Wednesday, February 22, 2012

Beef Vs. Oil?

Dan Piller:
Retail gasoline prices have reached $4 per gallon on the east and west coasts and predictions abound that the rest of the country will suffer the same pain in a few weeks. Iowa’s prices remain in the $3.40 per gallon average.
Meanwhile cattle prices continue their flight into the market stratosphere, with slaughter-ready cattle up 18 cents per hundredweight to $128.90 and younger feeder cattle up 30 cents per hundredweight to $158.60. The high prices are caused by the smallest herd in the U.S. since the early 1950s and a surge in export demand.
Both cattle prices are up 25 percent from late 2011. Consumers who have seen hamburger prices rise by 20 percent at the supermarket last year and choice cuts up 10 percent or more are likely in for more increases and traders worry where the demand will begin to fade.
“The problem of consumer resistance to high beef prices will be partially influenced by ever rising retail gasoline prices.
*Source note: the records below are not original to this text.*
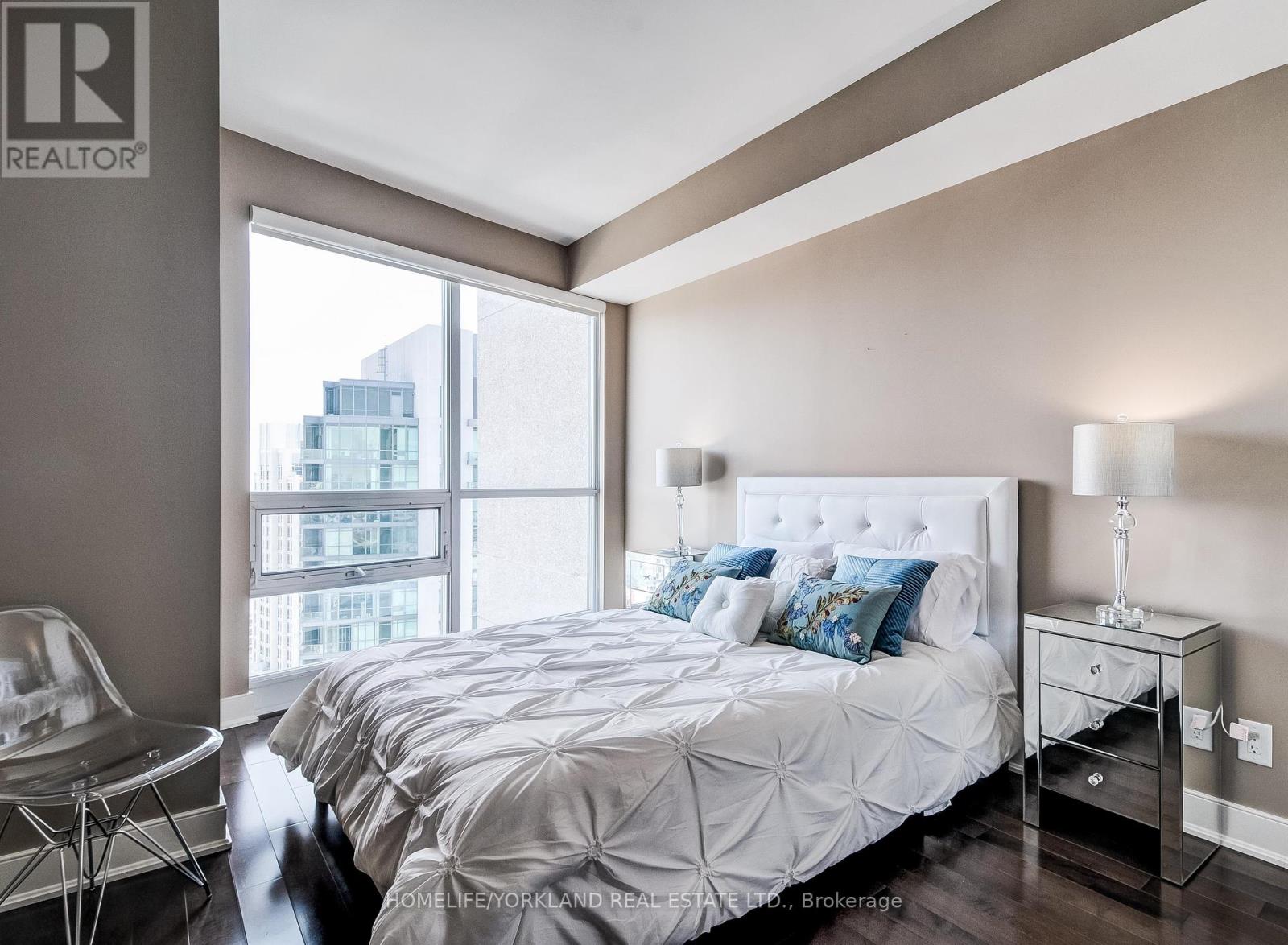 3702 - 219 Fort York Boulevard, Toronto, Ontario  M5V 1B1 - Photo 7 - C12132186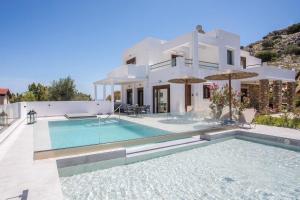 Bazén v ubytování Aggelina Villa nebo v jeho okolí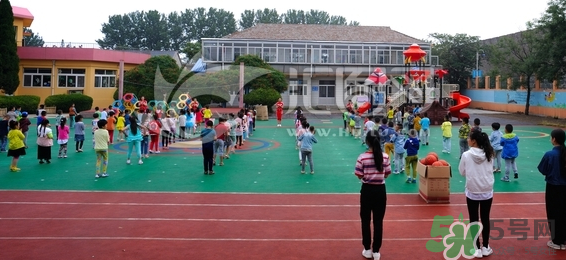 寶寶不去幼兒園怎么辦？寶寶不去幼兒園哭鬧怎么勸導(dǎo)？
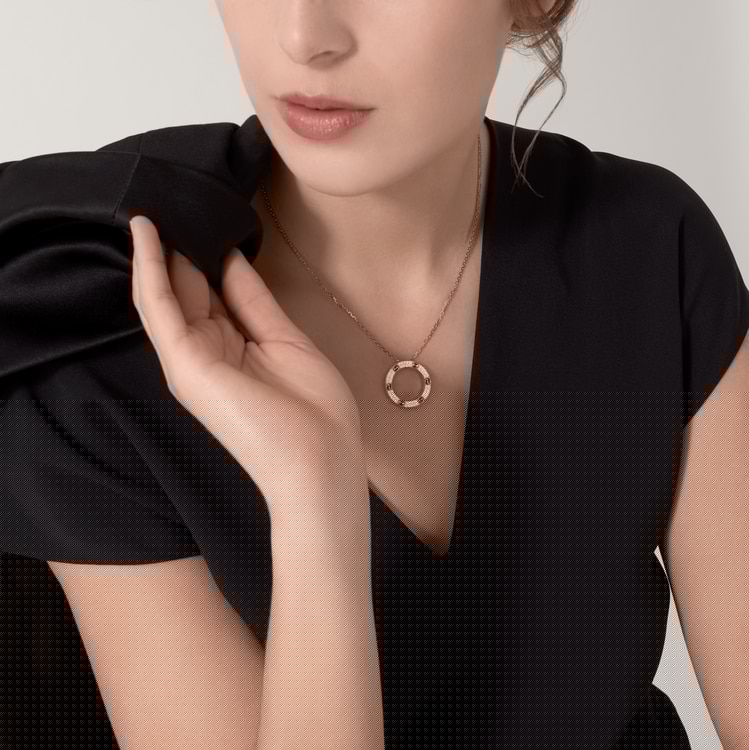 Ca*t*er  love necklace, diamond-paved b7058400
Having both prices work higher is not a good thing for beef,” trader Dennis Smith of Archer Financial Services in Chicago wrote Tuesday at the close of trading on the Chicago Board of Trade.
Jeff French at Top Third Ag Marketing in Chicago said “the cattle trade remains very concerned that high gas prices could kill domestic beef demand. The consumer does not have to eat beef but they do have to put gas in their vehicles to get to work.”
The large breeding stock selloff in Texas is going to continue impacting beef prices, at least until prices cause cattle numbers to increase.  Higher prices at the supermarket aren't good for cattlemen in the long term, but if somebody has fats to sell right now, things look pretty good.  But with consumers digging deeper for gas, something's got to give.